Was Lackforscher auf die Palme bringt?
Polymerisation
ist der chemische Prozess, der kleine kurze Moleküle durch Aneinanderreihung zu langkettigen Riesenmolekülen auffädelt (Wilhelm Klauditz Institut für Holzforschung WKI).
Glosse
Erdöl. Beziehungsweise Erdölpreise. Bringen die Lackforscher auf die Palme. Ist doch ganz klar: Wenn das Erdöl teurer wird, geht das nicht nur den Autofahrern an die Kasse -- schließlich ist das "Schwarze Gold" zu mehr nutze als nur zum Verfeuern. Man kann damit Straßenasphalt herstellen, aber auch Klebstoff, Plastik aller Art, Nylonstrümpfe oder Farben und Lacke. Wird das Erdöl teurer, steigen natürlich auch die Preise aller Endprodukte. Es sei denn, man nimmt statt Erdöl anderes Rohöl.
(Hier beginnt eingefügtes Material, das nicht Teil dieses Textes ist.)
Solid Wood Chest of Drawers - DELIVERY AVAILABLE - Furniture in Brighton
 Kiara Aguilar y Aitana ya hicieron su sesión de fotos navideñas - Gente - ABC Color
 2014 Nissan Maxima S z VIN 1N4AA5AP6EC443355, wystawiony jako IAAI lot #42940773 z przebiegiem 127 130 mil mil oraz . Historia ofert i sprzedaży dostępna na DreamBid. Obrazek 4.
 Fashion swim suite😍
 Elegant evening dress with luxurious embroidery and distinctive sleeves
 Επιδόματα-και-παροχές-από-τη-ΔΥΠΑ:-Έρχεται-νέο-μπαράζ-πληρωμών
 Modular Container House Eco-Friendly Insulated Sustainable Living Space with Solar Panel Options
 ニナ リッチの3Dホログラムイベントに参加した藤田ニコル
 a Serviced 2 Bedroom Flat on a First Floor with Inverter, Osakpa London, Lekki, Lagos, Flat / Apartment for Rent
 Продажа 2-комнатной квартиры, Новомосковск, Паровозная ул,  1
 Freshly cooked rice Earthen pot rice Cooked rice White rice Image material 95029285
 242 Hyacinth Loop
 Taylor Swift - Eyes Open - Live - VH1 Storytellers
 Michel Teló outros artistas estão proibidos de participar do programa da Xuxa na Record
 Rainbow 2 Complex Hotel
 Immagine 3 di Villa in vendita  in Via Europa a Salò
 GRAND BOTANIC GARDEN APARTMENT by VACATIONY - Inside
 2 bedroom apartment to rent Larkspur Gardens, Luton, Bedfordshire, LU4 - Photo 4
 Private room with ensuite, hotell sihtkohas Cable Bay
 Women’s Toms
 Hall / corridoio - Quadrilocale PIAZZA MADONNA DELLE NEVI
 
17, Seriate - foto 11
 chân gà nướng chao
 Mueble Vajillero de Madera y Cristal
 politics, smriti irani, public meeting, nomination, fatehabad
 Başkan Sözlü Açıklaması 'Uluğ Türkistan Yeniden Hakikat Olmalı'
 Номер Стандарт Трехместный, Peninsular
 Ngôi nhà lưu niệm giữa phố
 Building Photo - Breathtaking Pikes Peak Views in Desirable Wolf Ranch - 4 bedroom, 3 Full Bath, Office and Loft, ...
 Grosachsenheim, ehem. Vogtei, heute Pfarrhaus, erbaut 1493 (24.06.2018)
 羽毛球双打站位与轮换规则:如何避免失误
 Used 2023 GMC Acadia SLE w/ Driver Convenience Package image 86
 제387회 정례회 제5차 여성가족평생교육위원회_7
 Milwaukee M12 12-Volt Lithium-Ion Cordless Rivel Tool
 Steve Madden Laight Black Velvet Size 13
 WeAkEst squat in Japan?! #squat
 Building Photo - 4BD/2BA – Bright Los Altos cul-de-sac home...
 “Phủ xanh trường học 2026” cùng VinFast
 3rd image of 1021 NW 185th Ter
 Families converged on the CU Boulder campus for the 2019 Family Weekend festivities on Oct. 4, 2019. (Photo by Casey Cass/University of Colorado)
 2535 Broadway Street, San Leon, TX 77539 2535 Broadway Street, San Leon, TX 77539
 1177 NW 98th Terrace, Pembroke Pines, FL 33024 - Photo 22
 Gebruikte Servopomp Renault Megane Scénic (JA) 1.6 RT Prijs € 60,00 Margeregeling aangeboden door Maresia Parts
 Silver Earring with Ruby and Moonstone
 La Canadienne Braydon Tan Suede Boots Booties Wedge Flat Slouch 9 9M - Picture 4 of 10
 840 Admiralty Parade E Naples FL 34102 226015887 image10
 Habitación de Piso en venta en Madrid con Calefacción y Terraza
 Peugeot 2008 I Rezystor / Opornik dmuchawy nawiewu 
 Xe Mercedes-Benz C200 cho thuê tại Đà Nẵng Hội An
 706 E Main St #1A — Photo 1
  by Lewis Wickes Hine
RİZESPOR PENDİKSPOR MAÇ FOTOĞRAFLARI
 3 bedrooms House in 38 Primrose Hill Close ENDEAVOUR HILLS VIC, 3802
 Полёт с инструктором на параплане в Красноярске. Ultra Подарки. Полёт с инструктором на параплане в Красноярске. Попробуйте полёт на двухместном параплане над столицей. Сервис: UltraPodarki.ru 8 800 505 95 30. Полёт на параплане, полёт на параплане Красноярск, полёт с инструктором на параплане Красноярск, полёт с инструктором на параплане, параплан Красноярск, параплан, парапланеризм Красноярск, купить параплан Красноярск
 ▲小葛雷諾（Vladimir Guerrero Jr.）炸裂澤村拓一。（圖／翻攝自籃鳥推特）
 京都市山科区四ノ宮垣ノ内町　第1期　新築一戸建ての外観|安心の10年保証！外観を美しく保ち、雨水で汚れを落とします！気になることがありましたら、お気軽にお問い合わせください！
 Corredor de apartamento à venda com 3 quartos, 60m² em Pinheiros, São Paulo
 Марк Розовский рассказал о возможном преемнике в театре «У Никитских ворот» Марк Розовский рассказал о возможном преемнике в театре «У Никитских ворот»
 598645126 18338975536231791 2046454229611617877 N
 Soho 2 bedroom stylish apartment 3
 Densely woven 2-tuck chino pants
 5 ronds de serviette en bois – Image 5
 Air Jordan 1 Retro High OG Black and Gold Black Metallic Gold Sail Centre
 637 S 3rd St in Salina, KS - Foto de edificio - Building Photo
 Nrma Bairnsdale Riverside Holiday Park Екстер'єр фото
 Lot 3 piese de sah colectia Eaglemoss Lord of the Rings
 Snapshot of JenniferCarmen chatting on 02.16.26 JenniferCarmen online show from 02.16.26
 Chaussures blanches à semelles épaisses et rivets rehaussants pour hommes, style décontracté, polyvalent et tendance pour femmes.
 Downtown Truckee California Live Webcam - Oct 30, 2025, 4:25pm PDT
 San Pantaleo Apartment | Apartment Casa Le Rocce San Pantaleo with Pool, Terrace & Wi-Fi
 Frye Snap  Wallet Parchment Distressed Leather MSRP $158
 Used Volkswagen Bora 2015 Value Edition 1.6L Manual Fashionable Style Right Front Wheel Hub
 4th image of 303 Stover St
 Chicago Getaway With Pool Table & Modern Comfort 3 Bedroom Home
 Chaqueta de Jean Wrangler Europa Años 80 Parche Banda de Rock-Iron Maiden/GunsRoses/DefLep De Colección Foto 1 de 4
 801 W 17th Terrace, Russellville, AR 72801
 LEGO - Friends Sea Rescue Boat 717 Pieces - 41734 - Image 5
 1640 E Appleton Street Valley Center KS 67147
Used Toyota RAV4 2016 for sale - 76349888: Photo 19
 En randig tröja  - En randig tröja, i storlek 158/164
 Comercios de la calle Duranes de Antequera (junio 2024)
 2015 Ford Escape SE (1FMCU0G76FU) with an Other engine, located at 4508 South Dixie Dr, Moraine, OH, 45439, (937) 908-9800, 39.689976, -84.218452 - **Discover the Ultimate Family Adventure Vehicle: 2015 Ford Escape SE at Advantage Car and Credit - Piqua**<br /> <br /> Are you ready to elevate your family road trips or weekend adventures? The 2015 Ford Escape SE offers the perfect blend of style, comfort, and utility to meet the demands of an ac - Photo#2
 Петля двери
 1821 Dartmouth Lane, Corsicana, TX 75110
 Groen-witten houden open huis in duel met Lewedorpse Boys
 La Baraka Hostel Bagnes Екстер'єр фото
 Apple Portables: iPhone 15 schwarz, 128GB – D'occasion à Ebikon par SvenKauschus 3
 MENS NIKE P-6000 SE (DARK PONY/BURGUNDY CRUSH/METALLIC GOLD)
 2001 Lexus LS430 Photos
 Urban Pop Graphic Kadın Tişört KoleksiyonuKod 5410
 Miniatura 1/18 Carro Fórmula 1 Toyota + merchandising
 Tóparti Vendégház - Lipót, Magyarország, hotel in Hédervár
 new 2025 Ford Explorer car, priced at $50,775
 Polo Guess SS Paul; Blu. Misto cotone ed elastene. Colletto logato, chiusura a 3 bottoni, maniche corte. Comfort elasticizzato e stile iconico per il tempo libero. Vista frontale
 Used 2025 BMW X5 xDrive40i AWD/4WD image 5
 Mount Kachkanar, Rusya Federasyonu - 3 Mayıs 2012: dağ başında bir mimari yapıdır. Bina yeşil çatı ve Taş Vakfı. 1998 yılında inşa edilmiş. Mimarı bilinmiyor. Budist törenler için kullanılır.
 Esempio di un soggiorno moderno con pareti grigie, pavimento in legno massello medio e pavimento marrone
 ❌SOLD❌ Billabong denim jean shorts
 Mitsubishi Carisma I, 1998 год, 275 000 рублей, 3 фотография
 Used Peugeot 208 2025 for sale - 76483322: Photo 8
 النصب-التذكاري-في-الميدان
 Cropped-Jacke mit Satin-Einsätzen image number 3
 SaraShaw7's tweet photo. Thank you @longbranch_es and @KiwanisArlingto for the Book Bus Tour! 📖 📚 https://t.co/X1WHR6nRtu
Hauptsache, das Öl enthält die organischen Moleküle, die mit Kohlenstoff in der Mitte. Die kann man dann zu den verschiedenen Riesenmolekülen, den Polymeren, verknüpfen. Woraus sich eben die Kunststoffe zusammensetzen. Und die Lacke. Die Lackforscher in Braunschweig haben jetzt neben Raps- oder Sonnenblumenöl, deren Bestandteile schon in vielen Anstrichen zu finden sind, auch zum Palmöl gegriffen. In Südostasien möchte man das Palmöl nicht nur zu Lebensmitteln oder Seife verarbeiten, sondern hochwertige Produkte erzeugen. Mit einfachen chemischen Veränderungen wird ein geeigneter Lackrohstoff daraus, das konnten die Forscher vom Fraunhofer Institut für Holzforschung (WKI) und ihre Kollegen in Malaysia zeigen. Der Lack daraus ist recht kratzfest, sogar bei feuchter Hitze beständig und verfügt über eine natürliche Schmutzabweisung. Kein Wunder, dass jetzt auch deutsche Konzerne in diese Forschung investieren. Ist eh besser für die Umwelt... (ds)
Fakten
"Der entscheidende Vorteil von Palmöl ist seine beinahe unbegrenzte Verfügbarkeit", erklärt Dr. Stefan Friebel, Projektleiter für die Entwicklung von Lacken aus Öl am Fraunhofer Institut für Holzforschung (WKI). Damit meint er den Vorteil gegenüber anderen Erdöl-Alternativen wie Raps- oder Sojaöl. Trotz des Biodiesel-Booms ist der Weltmarktpreis von Palmöl verglichen mit anderen pflanzlichen Ölen noch am niedrigsten. Das macht die Sache wirtschaftlich. Zum anderen hat die Natur bei Pflanzenölen schon vorgearbeitet: Sie liefert schon hochfunktionelle Moleküle, die sich mit relativ wenig Energieaufwand in chemische Rohstoffe umwandeln lassen. Erdöl hingegen muss erst mit viel Energieaufwand in seine unterschiedlich schweren Einzelteile getrennt und dann in kurzkettige Moleküle gespalten werden, bevor man sie wieder zu Kunststoffen zusammenbaut und weiterverarbeitet.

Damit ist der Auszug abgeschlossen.